Naomi Sargant (later Lady McIntosh) studied sociology, worked within market research and was an associate of Michael Young on the National Consumer Council. She joined the OU in 1970, becoming Pro-Vice-Chancellor (Student Affairs; 1974–78) and a Professor of Applied Social Research. Through sample surveys and interview she brought the disciplines of marketing to education before anybody else did. Since that period the Institute of Educational Technology, which she helped to establish in 1970, has become a leading European research institute in the field of innovative education. It operates alongside teaching and strategic work at the OU and provides support for doctoral students as well as running a Masters in Online and Distance Education.

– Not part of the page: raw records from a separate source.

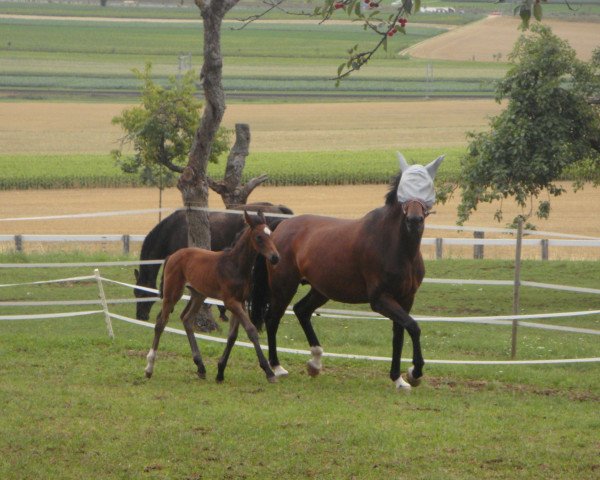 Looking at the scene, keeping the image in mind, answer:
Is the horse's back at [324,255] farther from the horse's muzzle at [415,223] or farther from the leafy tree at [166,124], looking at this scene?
the leafy tree at [166,124]

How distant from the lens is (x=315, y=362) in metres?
11.0

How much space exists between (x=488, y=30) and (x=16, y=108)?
2730 inches

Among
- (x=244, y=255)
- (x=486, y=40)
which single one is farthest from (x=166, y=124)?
(x=486, y=40)

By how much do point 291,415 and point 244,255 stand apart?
2.19 metres

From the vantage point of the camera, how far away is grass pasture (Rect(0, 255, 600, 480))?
7.54m

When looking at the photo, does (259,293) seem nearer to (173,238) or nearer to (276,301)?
(276,301)

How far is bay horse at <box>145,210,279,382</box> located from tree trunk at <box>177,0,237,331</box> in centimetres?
298

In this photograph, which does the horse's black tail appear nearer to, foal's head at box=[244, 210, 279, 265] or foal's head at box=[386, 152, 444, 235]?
foal's head at box=[244, 210, 279, 265]

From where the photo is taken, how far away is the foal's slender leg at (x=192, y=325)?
10.8 metres

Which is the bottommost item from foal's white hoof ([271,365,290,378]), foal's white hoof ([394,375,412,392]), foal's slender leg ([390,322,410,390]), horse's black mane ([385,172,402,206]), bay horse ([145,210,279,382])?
foal's white hoof ([271,365,290,378])

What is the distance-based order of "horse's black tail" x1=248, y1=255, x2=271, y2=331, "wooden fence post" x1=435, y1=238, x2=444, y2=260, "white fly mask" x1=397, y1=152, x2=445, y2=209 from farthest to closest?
"wooden fence post" x1=435, y1=238, x2=444, y2=260
"horse's black tail" x1=248, y1=255, x2=271, y2=331
"white fly mask" x1=397, y1=152, x2=445, y2=209

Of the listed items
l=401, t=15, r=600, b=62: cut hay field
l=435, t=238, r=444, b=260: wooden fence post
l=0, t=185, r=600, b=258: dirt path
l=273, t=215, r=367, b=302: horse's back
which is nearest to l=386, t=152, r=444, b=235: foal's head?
l=273, t=215, r=367, b=302: horse's back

The impact of IET’s research has been far-reaching, leading to improvements in practice and policy. Its research on using mobile technology to enhance education, resulted in institutional and national policymakers signing formal declarations committing to the development of mobile learning across Europe. Its research also lies behind the OpenLearn website – now accessed by over 22 million visitors. It also works in the fields of Learning Design and Learning Analytics and its contributions for almost 50 years have led to worldwide recognition and considerable funding from a wide range of sources

Since 2012 colleagues within IET have produced annual reports outlining recent relevant educational developments. The 7th annual Innovating Pedgogy, the 2019 edition, echoes its predecessors in providing information about newforms of teaching, learning and assessment. The report proposes ten innovations that are already in currency and have the potential to provoke major shifts in educational practice. These are

Playful learning

Learning with robots

Decolonising learning

Drone-based learning

Learning through wonder

Action learning

Virtual studios

Place-based learning

Making thinking visible

Roots of empathy

Social and emotional learning

 

 

This guide to teachers and policy makers interested in making the most of interactivity reflects the values of the Open University.

1. There is collaboration. The OU worked with the Centre for the Science of Learning & Technology (SLATE), University of Bergen, Norway.

2. There is co-operation. The authors include

Innovative pedagogy in the Legacy Garden, Walton Hall campus

Rebecca Ferguson,

Tim Coughlan,

Kjetil Egelandsdal,

Mark Gaved,

Christothea Herodotou,

Garron Hillaire,

Derek Jones,

Iestyn Jowers,

Agnes Kukulska-Hulme, Patrick McAndrew,

Kamila Misiejuk, Ingunn Johanna Ness,

Bart Rienties, Eileen Scanlon,

Mike Sharples, Barbara Wasson,

Martin Weller, Denise Whitelock

 

3. There is openness. The material is openly available on the web. Permission is granted under a Creative Commons Attribution Licence to copy, redistribute, remix, transform and build upon this report freely, provided that attribution is made.

 

4. There are international links. There are versions in Chinese, Hebrew and Korean.